Car toute mission a pour but un lieu déterminé. Or, les actions intellectuelles
ne se rapportent à aucun lieu, parce que l’intellect est absolument en dehors
de toutes les idées de temps et d’espace. Donc puisque les actions des anges
sont des actions intellectuelles, il semble que les anges ne soient pas envoyés
pour faire une action quelconque.
Réponse à
l’objection N°1 : Une opération peut être appelée intellectuelle de deux
manières : 1° Parce qu’elle réside dans l’intellect lui-même, comme la
contemplation.
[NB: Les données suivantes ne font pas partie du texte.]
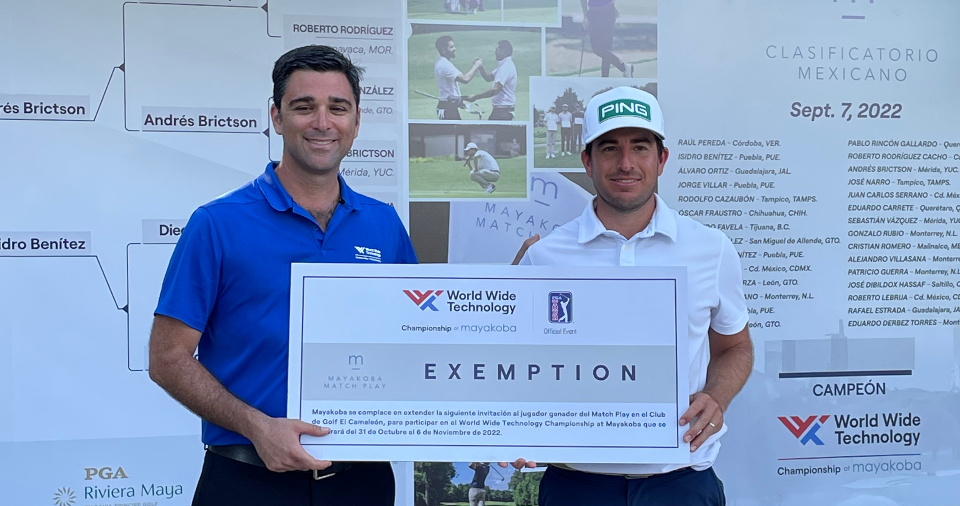 Conoce al mexicano que ganó el boleto al WWT at Mayakoba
Cette opération est indépendante de l’espace ou du lieu ; car,
comme le dit saint Augustin (De Trin.,
liv. 4, chap. 20), par rapport aux idées éternelles que nous avons dans notre
esprit nous ne sommes pas de ce monde. 2° On dit encore qu’une action est
intellectuelle quand elle a pour règle l’entendement et que c’est l’entendement
qui la commande. En ce sens il est évident que les opérations intellectuelles
se rapportent quelquefois à un lieu déterminé.
Objection N°2.
Le ciel empyrée est le seul lieu qui soit en rapport avec la dignité des anges.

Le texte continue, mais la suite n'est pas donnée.